The interaction of genes and environment in conferring risk or resilience
There is intuitive appeal of a biologically driven predisposition (genes) interacting with environmental factors to produce an individual’s phenotype (i.e., the classic notion put forward by the stress-diathesis model). GxE research has taken off in recent years following the first seminal reports of gene–environment interaction by Caspi et al. (2002). Much of this work has focused on outcomes of early stress and maltreatment as a function of genotype. Caspi et al. (2002) were the first to report on an interaction of a measured genotype (MAOA) and environment (maltreatment) for a psychiatric outcome and demonstrated that individuals who are carriers of the low activity allele (MAOA-l), but not of the high activity allele (MAOA-H), are at an increased risk for antisocial behavior disorders following maltreatment.
This finding has since been replicated by several other research groups (see Taylor and Kim-Cohen, 2007; Weder et al., 2009) and imaging genetic studies have found that the risk, MAOA-l, genotype is related to hyper-responsivity of the brain’s threat detection system and reduced activation in emotion regulation circuits, as well as to structural differences (in males) in key regulatory regions, such as OFC (Meyer-Lindenberg et al., 2006). This work suggests that a mechanism by which MAOA genotype engenders vulnerability to (reactive) aggression following maltreatment may include increased and poorly regulated neural reactivity to threat cues in the environment (Viding and Frith, 2006).

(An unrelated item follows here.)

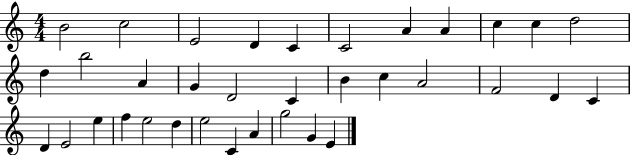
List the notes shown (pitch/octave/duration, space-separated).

These studies suggest that genotypes potentially serve as predictors of both risk and resilience for adult psychiatric outcomes for people who have survived childhood maltreatment and abuse. GxE research has also suggested that positive environmental influences, such as social support, can buffer genetic and environmental risk for psychopathology and promote resiliency. Kaufman et al. (2006) demonstrated that children with genetic vulnerability (BDNF met allele and two 5-HTT short alleles) and environmental risk (maltreatment) were less likely to develop depression if they had social support. This finding illustrates the importance of considering positive environmental influences (such as contact with a supportive attachment figure) and how these may be protective even in the context of genetic vulnerability.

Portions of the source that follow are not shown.